As of now, the blind side shells only come in #2s and BB for 3 and 3.5 inch shells.

Like Larry said, 3in. #2s will kill a lesser deader than dead and destroy a decoying duck. Pattern your gun though because all barrels/choke combos will be different.


----------



## jccarr01 (Dec 8, 2011)

I went to Arkansas for the first split and mostly shot the Blind Sides out of kicks high flyer, both mod and full. Shooting 3.5's. They absolutely crushed them. Keep in mind I was in a rice field in a pit. So most of the shots were on out there, not many decoying. I ran out one morning and had to shoot xperts. Started getting lots of cripples. Needless to say I went back and got some more Blind Sides for the next morning.


----------



## nhancedsvt (Dec 8, 2011)

Picked up a box to try out. Have any of y'all shot it through a regular IC or MOD choke? Didn't know if the wad would cause any issues


----------



## Tommy12 (Dec 8, 2011)

Larry, I used 3 1/2 #2 on divers today and absolutely pumbled them. I have never shot a diver that just folded up, until today. I love these shells!


----------



## Larry Young Jr (Dec 8, 2011)

nhancedsvt said:


> Picked up a box to try out. Have any of y'all shot it through a regular IC or MOD choke? Didn't know if the wad would cause any issues



Dont worry about the wad. Less 20 yds ic, mod out to 40yds.
Larry


----------



## Larry Young Jr (Dec 8, 2011)

Tommy12 said:


> Larry, I used 3 1/2 #2 on divers today and absolutely pumbled them. I have never shot a diver that just folded up, until today. I love these shells!

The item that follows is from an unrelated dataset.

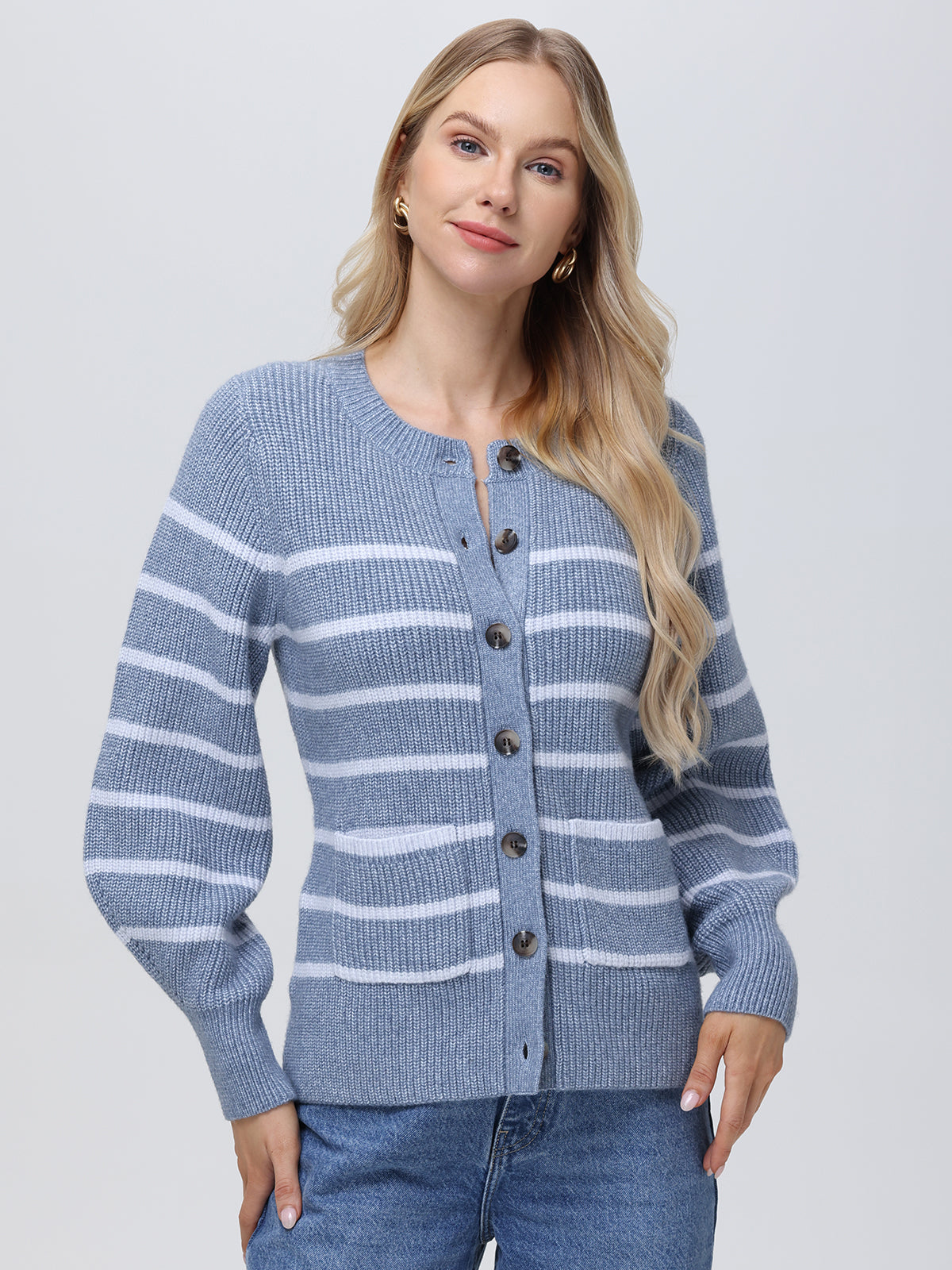 Josie: Crewneck Stripe Cardigan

Try 3inch and save your shoulder. 3 inch will kill them death too.


----------



## Tommy12 (Dec 9, 2011)

Larry Young Jr said:


> Try 3inch and save your shoulder. 3 inch will kill them death too.



I was torn between 3 and 3 1/2 because of the recoil difference, but after shooting the 3 1/2, it really didn't kick that bad. Isn't 3 inch shells faster though? Also how much more shot does the 3 1/2 have than the 3?


----------



## Larry Young Jr (Dec 9, 2011)

Tommy12 said:


> I was torn between 3 and 3 1/2 because of the recoil difference, but after shooting the 3 1/2, it really didn't kick that bad. Isn't 3 inch shells faster though? Also how much more shot does the 3 1/2 have than the 3?



Not sure


----------



## king killer delete (Dec 9, 2011)

*Thanks Larry*



Larry Young Jr said:


> Well I am not sureIf I can do this are not. But I have been doing some studying on some of these new shells. I have a S&W waterfowler shot gun, I have 3 chokes. With steel shot, I shoot MOD, IC chokes. I use BB and #2's H/V winchester shells.  l was lookin for like better pattern out at 30 and 40 yds than what I was getting. well with a MOD choke at 30 and 40 yds the #2 1 3/8 blind side. Man that stuff is awesome. Less than 20 yds all the shot stays in a 20 inch circle and 30 and 40 in side a 29 1/2 inch circle. I also pattern a browning over and under.
> I was so impressed I am  going to use  it this weekend.
> Larry


Great info.


----------